Or is this a crazy question?

I'm 38 weeks with my first and getting fed up with:
Acid indigestion
Not sleeping at night as can't get comfy
Not being able to walk properly for any length of time without getting back ache
Generally feeling feeble, tired and achey
Feeling SO heavy

I appreciate that there are other pains/issues to deal with as a new mum, but nobody seems to mention feeling good to have their body back again/feel lighter/be able to sleep on their back etc etc

I suppose I'm looking for some encouragement and reason to believe there's light at the end of the tunnel!!!

Thanks in advance

OP’s posts: |
goodmum123 Mon 16-May-11 21:57:30

To be honest, if this is your first baby, enjoy every moment you have now and use every minute for rest and relaxation. I didnt and kept on working until 4 days before i ended up having an emcs and then had no rest and havent since (baby is now 8 months old).

After a tough time I now absolutely adore her but sometimes wish for a little bit of time for me/ one lie in which has not happened since last September. I know i sound very selfish but i found having a baby a massive shock to the system.

After 8 months though i now feel almost back to normal. I feel happy, mental capacities are back, slowly getting figure back and dont feel low (PND) anymore. So yes there is light at the end of the tunnel. Sorry for waffling but just enjoy now (even though you are uncomfortable) x

ManicAnnie Mon 16-May-11 21:58:51

How long is a piece of string? You'll get dozens of different answers. I didn't feel physically 'normal' again for nearly a year, and it was probably 2 years before I felt 'myself' again.

hellymelly Mon 16-May-11 22:02:58


Backinthebox Mon 16-May-11 22:26:09

From the second your baby is out of you a considerable weight is removed from your body. The combined weight of baby, amniotic fluid and placenta can be about a stone, so you will be lighter straight away.
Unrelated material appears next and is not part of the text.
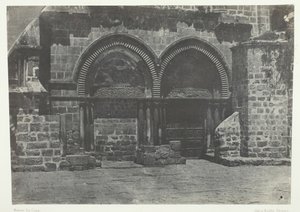 Gerusalemme, Arcate Inferiori della Chiesa del Santo Sepolcro, Palestina, 1849-51, stampato 1852 da Maxime Du Camp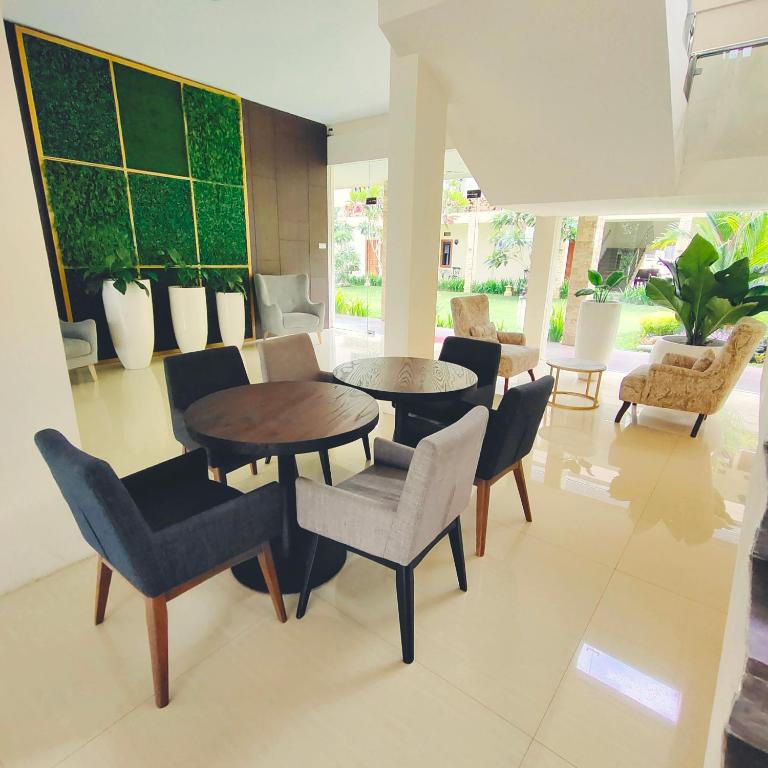 Dreamland Hotel And Lounge photo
I swelled up in pregnancy, and in the days after birth each time I got rid of all the excess fluid - OH swore he could see my knees and ankles returning before his eyes, and my feet no longer hurt. I wasn't able to sleep in any comfy position at all at the end of my pregnancies - the night after each baby was born I was able to sleep comfortably on my back without the weight of my bump pressing down on me. First baby was a CS, but after second baby I was able to roll over in bed without bother that night, I had been unable to move in bed before birth without significant grunting and huffing and puffing!
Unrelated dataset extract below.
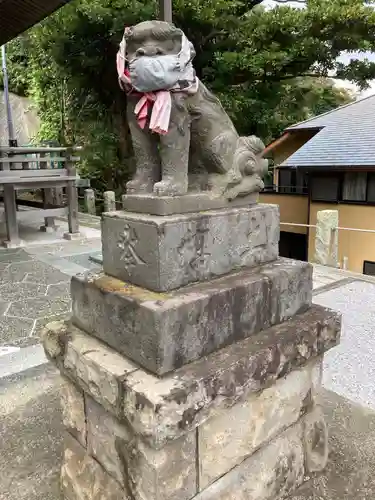 小動神社の狛犬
I looked forward to labour so much each time, as I felt nothing labour could throw at me could be as bad as the last weeks of pregnancy. I still felt feeble after my EMCS, but was up and about again quickly (took my horse out competing at County level 5 weeks after CS, was out hunting on him at 13 weeks post CS.) After baby 2, who I had a VBAC and third degree tear with I was back riding after 5 weeks. I felt 'heavy' for the first week or so, and spent that week in bed with my new baby (a luxury!) but was up and about after that. 8 months later, I am happily living life to the full, and just need to shift a few more pounds to be back to before. The posts above do seem to be a bit 'doom and gloom.' I would say you won't feel normal for a while, but you will feel better straight away!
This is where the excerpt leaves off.